Entre los clientes había una sensación general de que el grupo era, en su conjunto, bastante bueno. Adams estaba impresionado. «La gente de este grupo estaba tan preparada y fuerte como cualquiera de los alpinistas de los otros dos equipos con los que yo había estado anteriormente en el Himalaya». Y Gammelgaard alabó con entusiasmo el trabajo de Mountain Madness, con una sola excepción. De hecho, se preguntaba si ella misma estaría a la altura de muchos de ellos. «Mi primera impresión: ¿Cómo saldré de ésta? Todos son tan fuertes y tienen tanta experiencia…».
La excepción al entusiasmo de Gammelgaard era Dale Kruse, que en opinión de Lene era un candidato cuestionable para el Everest. «Kruse había formado parte de la expedición de Fischer de 1995 al Broad Peak, y no logró hacer la cumbre.
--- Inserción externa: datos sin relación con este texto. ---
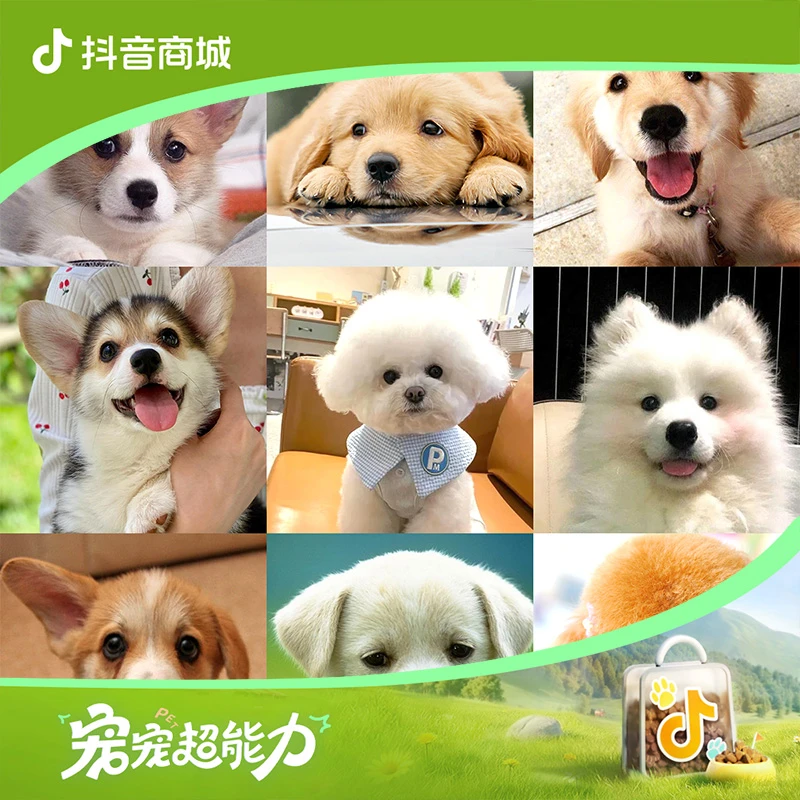 潮汕机场宠物直播基地小狗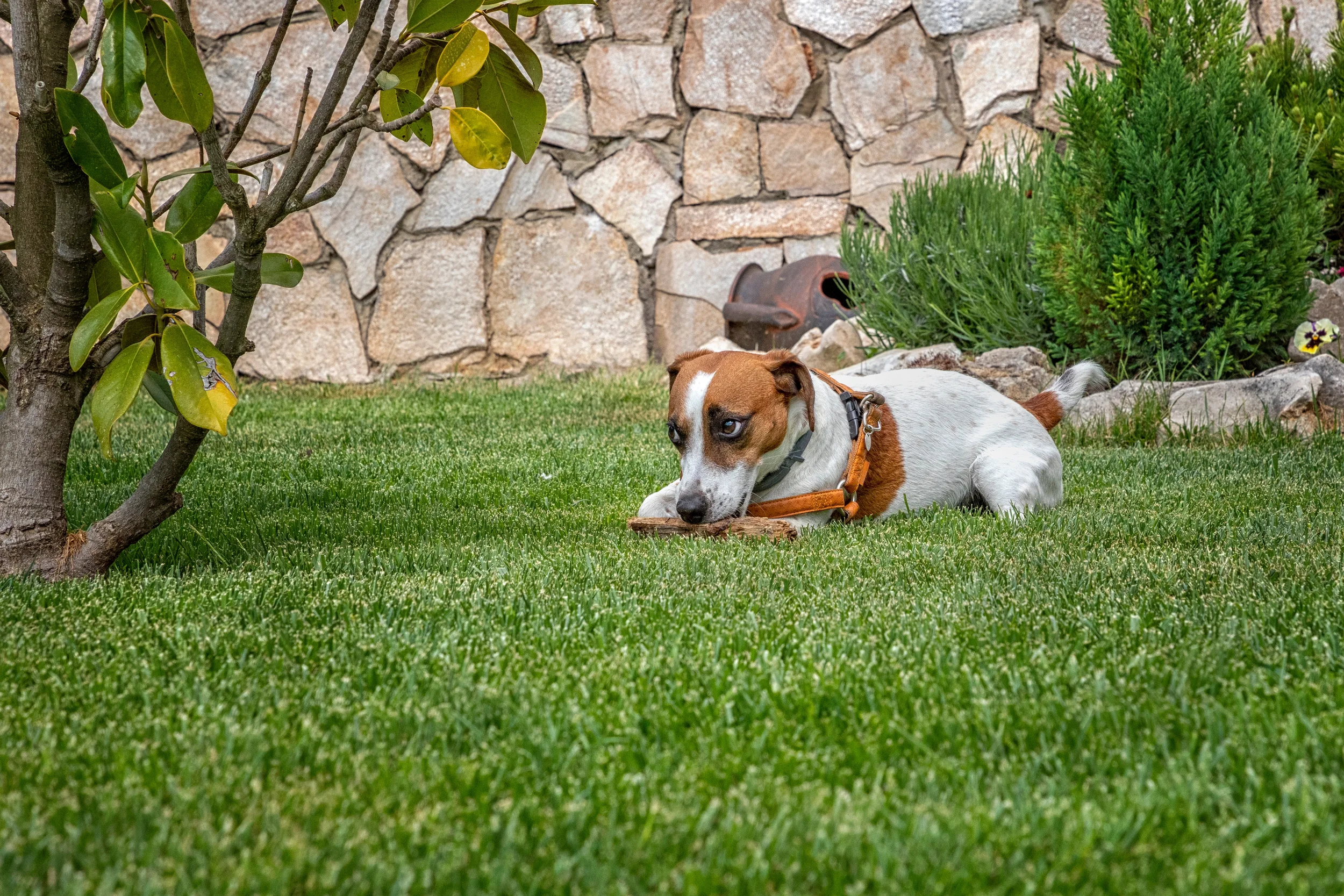 A dog lying on the grass in a garden, chewing on a stick with a stone wall and green shrubs in the background.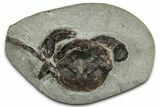 Eocene Fossil Crab (Pulalius) - Washington State #349485-1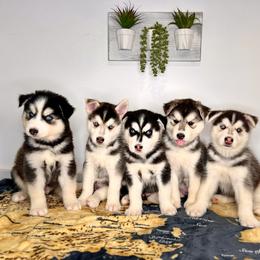 Maltese and Siberian Husky Puppies from Nyx’s Pack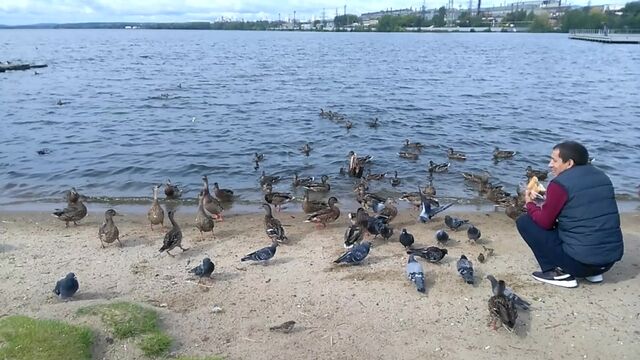 HD порно 169993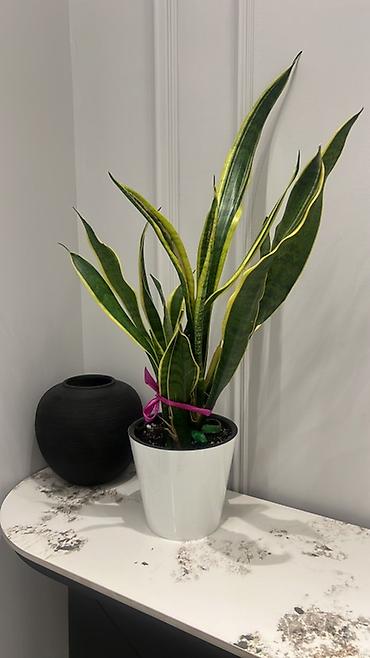 Драцены и Сансевиерии: Адаптированные пересаженные в горшках. Сансеvierия (Sansevieria — 3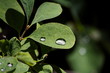 goutte d'eau goutte d'eau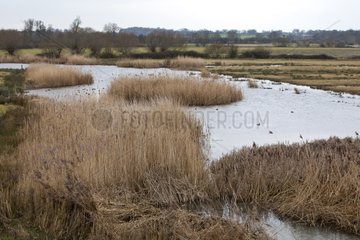 Marsh landscape in winter WWT Slimbridge Reserve UK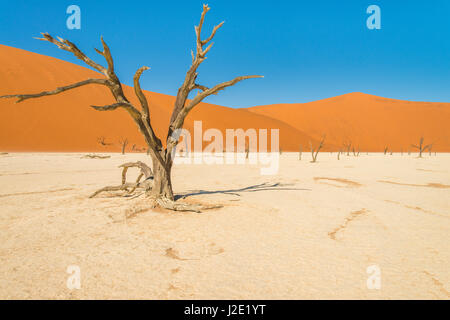 Wunderbare toter Baum im Deadvlei Becken - Sossusvlei, Namib-Wüste, Namibia Stockfoto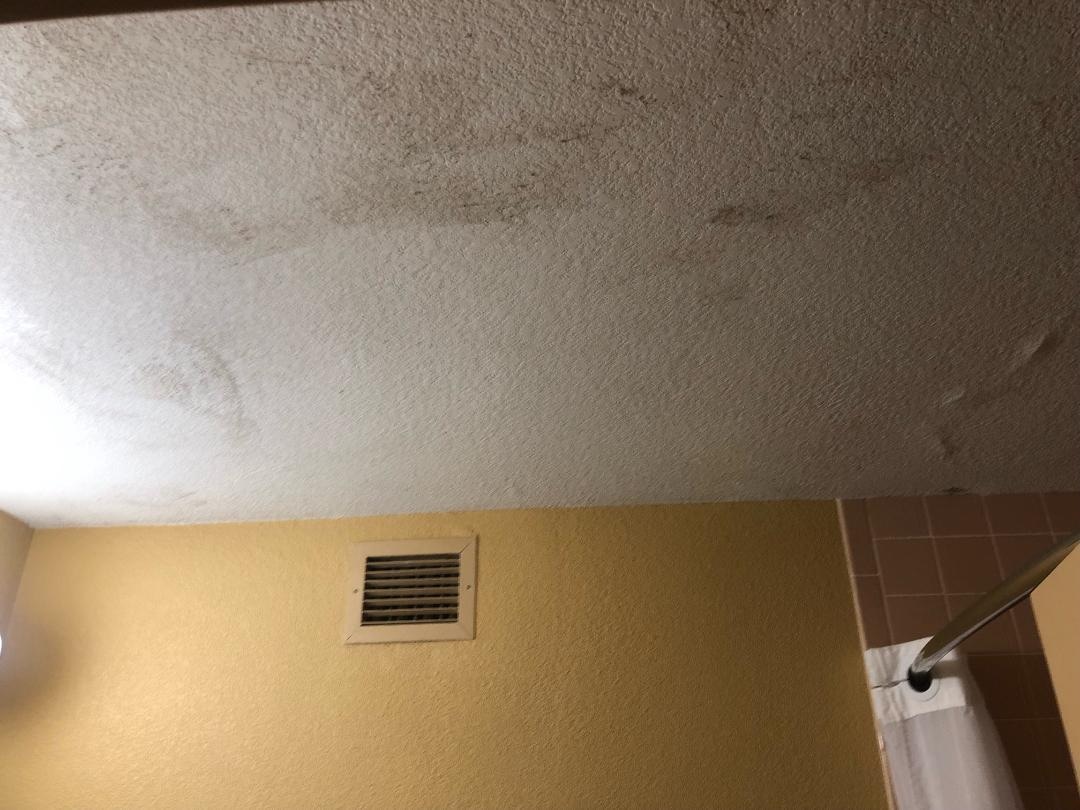 Black mold with the smell of sewage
Yo sabía que Dale no funciona bien en altitud. Es un hombre muy fuerte, pero la altitud le sienta mal. Se pone enfermo muy pronto… Así que, si hubiese sido realmente sincero consigo mismo, no habría intentado escalar una montaña muy alta, porque por encima de los cuatro mil metros de altitud, está realmente enfermo todo el rato». Reflexionando en torno a las razones por las que Fischer le había aceptado como cliente, y acerca de lo que ella hubiera hecho en su lugar, Gammelgaard dijo: «Era lógico tratándose de Scott Fischer, un tipo agradable que desea complacer a la gente y que además necesita el dinero… En su lugar, yo no le hubiera admitido. Yo, de verdad, me hubiera preocupado por él y le hubiera dicho: “Tú no irás al Everest. Arriesgo nuestra amistad para salvar tu vida”»[12].
Según la perspectiva de Henry Todd, de Himalayan Guides, algunos líderes de expedición no están libres de la sospecha de alistar en sus filas a clientes «marginales», y de echarse al bolsillo su dinero y sus sueños cuando en realidad están casi convencidos de que no tienen posibilidad alguna de hacer la cumbre. Hablando de uno de sus archirrivales, un empresario americano que organiza expediciones al Everest, Todd ha dicho: «Se trata, simplemente, de circulación de stocks. ¡En dos años no ha puesto ni un solo cliente en la cumbre!».
Pero respecto a la decisión de Fischer de aceptar el dinero de Kruse y de invitarle a participar en la expedición, Todd ha sido más generoso. «Lo que ocurre es lo siguiente: uno no puede saber a quién se le va a dar bien y a quién se le va a dar mal. Puede ocurrirte que los mejores escaladores no funcionen bien, y que por el contrario otras personas muy dudosas pero absolutamente empeñadas en su propósito acaben por tener éxito. Esto es algo que me ha ocurrido en un montón de ocasiones. He ido con algunas personas de las que yo pensaba, si alguno falla va a ser éste, y sin embargo luego han subido como si tal cosa. Y otros a los que apunté pensando “éste seguro que sube, pondría la mano en el fuego por él”, y luego no lo han conseguido. Una cosa así ocurrió en la expedición que hice con Anatoli en 1995. El escalador más fuerte que llevaba en el grupo no logró subir, mientras que otro que me pareció marginal, pero aceptable, llegó a la cumbre antes que Anatoli». Pero añade Todd: «Sin embargo, esas llamadas equivocadas que uno hace justo antes de partir… esas llamadas pueden matarte y matar a otros. Hay que acertar al hacer esas llamadas. Es imprescindible acertar. ¡Es imprescindible no equivocarse!».